Before reviewing each sector, let’s take a brief look at immigration topics.
Plan your move to Canada
At a federal level, Canada’s immigration system is primed to welcome highly-skilled construction and engineering professionals. Canada will continue to open its doors in 2018. Before engaging in employment, candidates must first be legally permitted to work in Canada.
Jobseekers from more than 30 countries, including the UK, Ireland, and Australia, may consider becoming a temporary resident in Canada through the International Experience Canada program.

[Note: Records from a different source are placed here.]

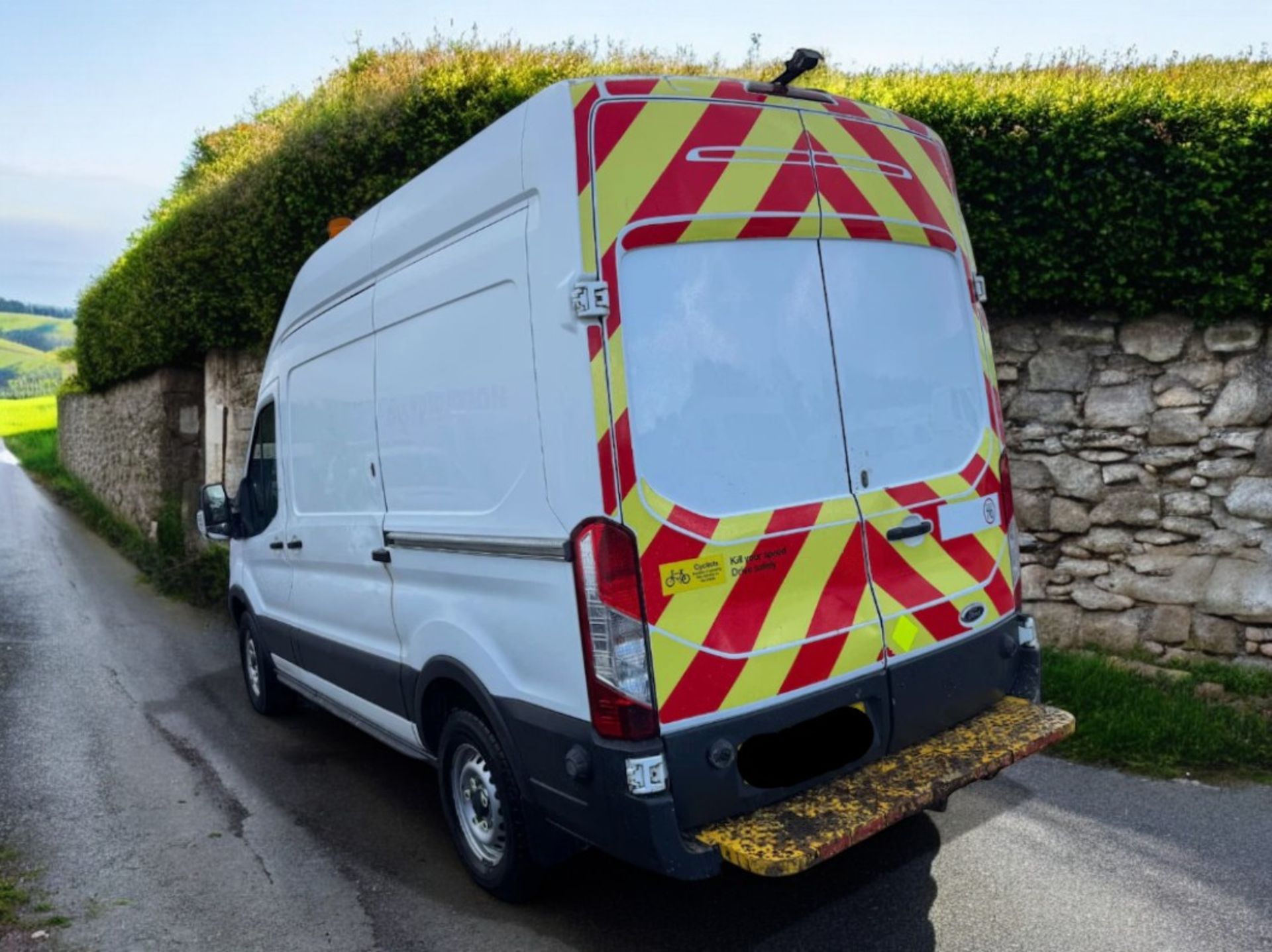 **(ONLY 118K MILEAGE)** 2016 FORD TRANSIT T350 MWB L2H3 2.2 TDCI 155PS VAN - Image 5 of 21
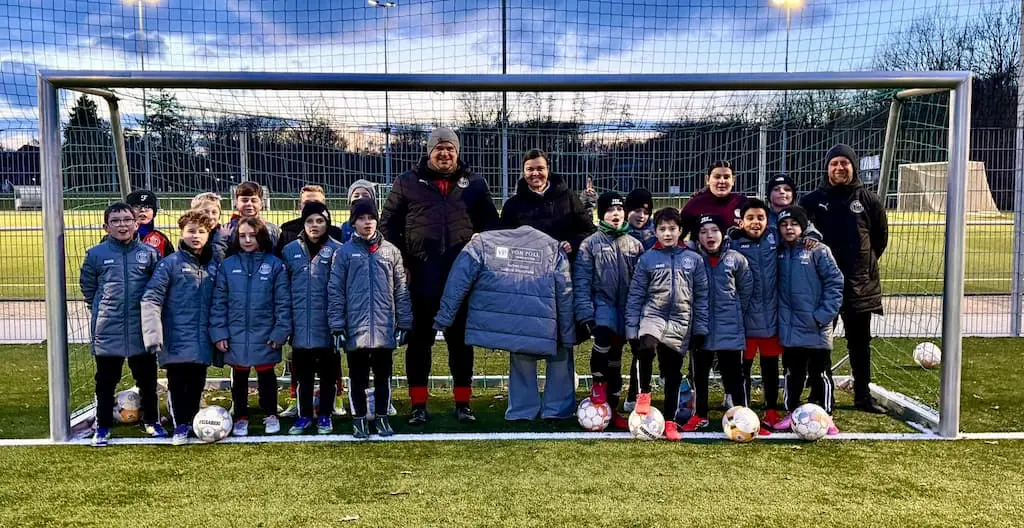 Foto der Jugendmannschaft des FSV Offenbach. Alle tragen die vom VON POLL IMMOBILIEN Shop Südliche Weinstraße gesponsorten Trainingsjacken.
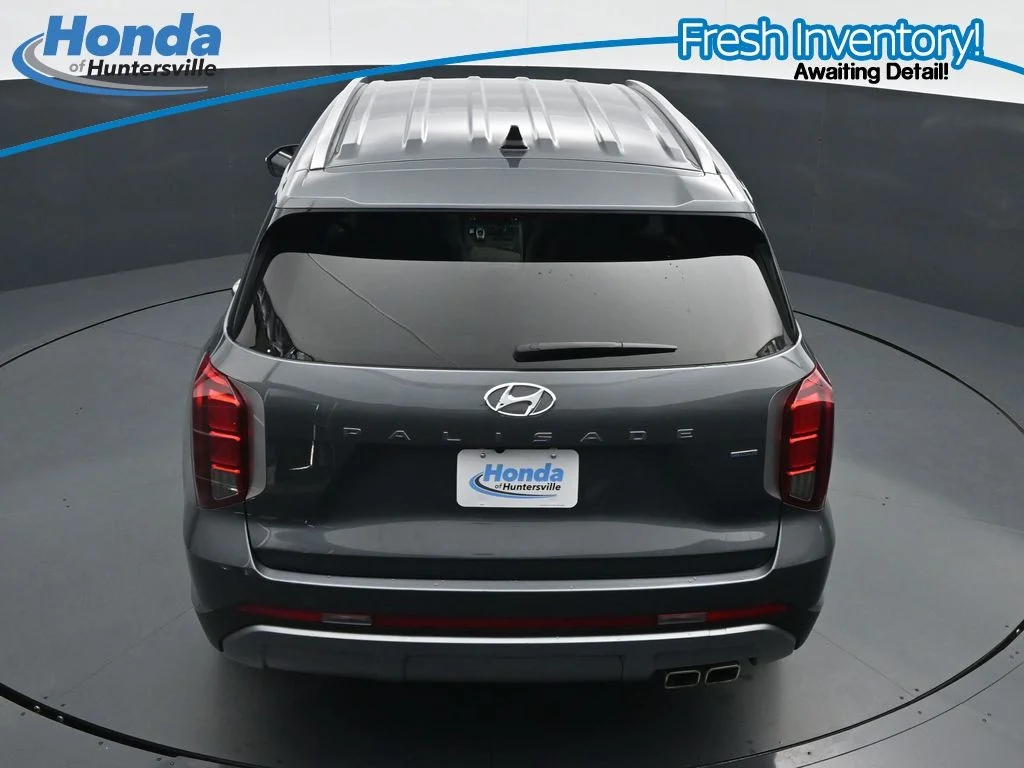 Used 2025 Graphite Hyundai SEL image 21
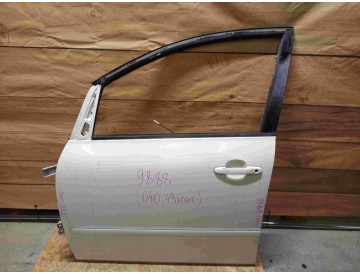 Дверь лев.перед. Toy/ Ipsum/ ACM21,ACM26/ к.т.№67002-44060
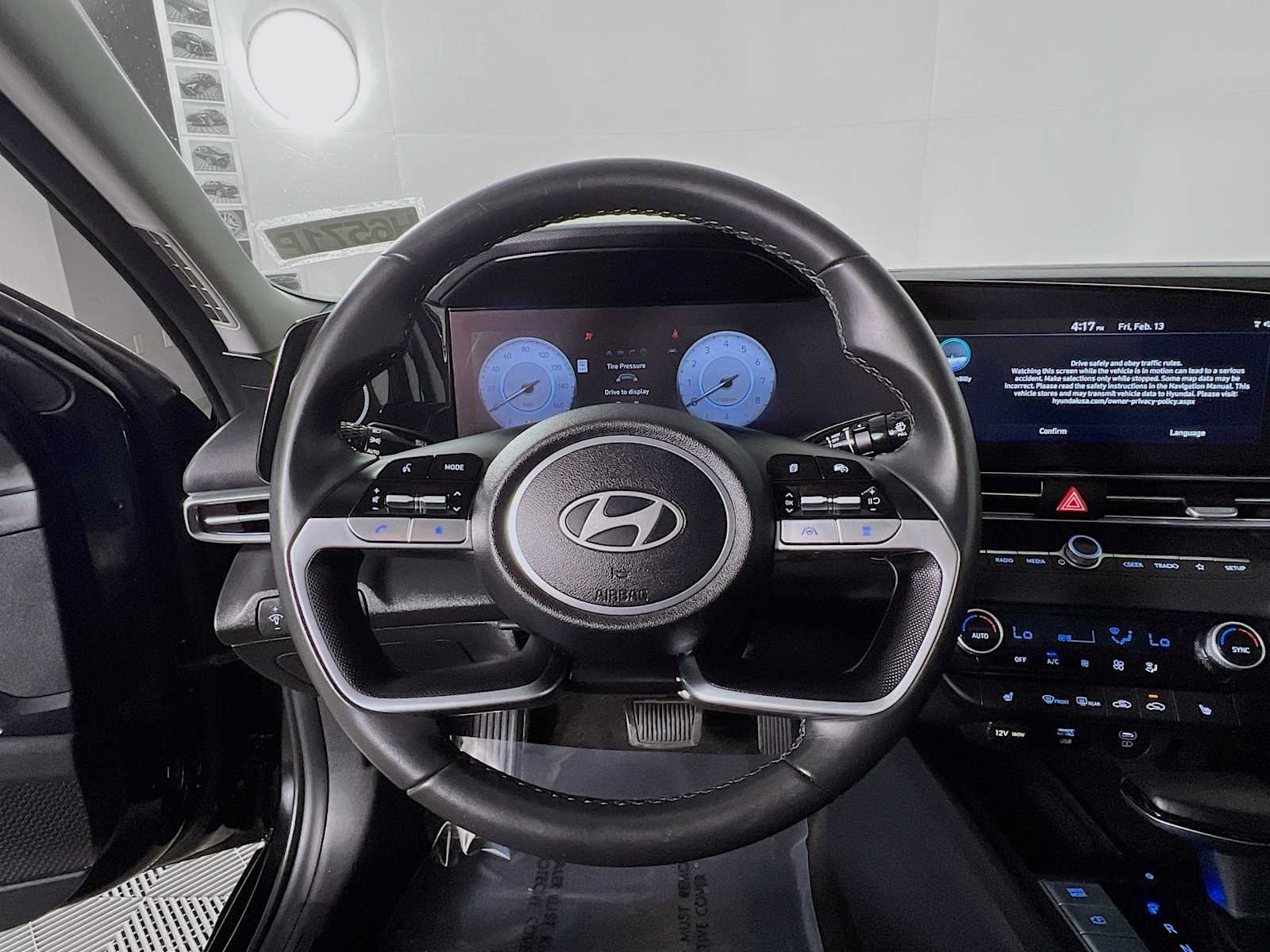 Used 2025 Abyss Black Hyundai SEL Convenience image 11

It provides individuals aged 30 or under (or 35 in some countries) with permits to live and work in Canada for one or two years.
For other options, see our guide to temporary work permits.
In addition to new arrivals on work permits, Canada is also expected to welcome more than a quarter of a million new permanent residents through its economic and Family Class programs in 2018 alone. Learn more about permanent residency here, including the Express Entry system used to select many of Canada’s economic immigrants, and the Provincial Nominee Programs that are on offer across the country.
Whether company sponsorship is the recommended immigration strategy for construction jobseekers and their potential employer depends on the company, the location, and the position. Consequently, it may not a a recommended strategy. Unlike Australia and much of the Middle East, gaining a temporary work permit via employer sponsorship is more difficult. It’s not as common for construction and engineering employers in Canada to provide job offer support for candidates outside the country. As such, we recommend pursuing your work permit options independent of a job offer, if possible.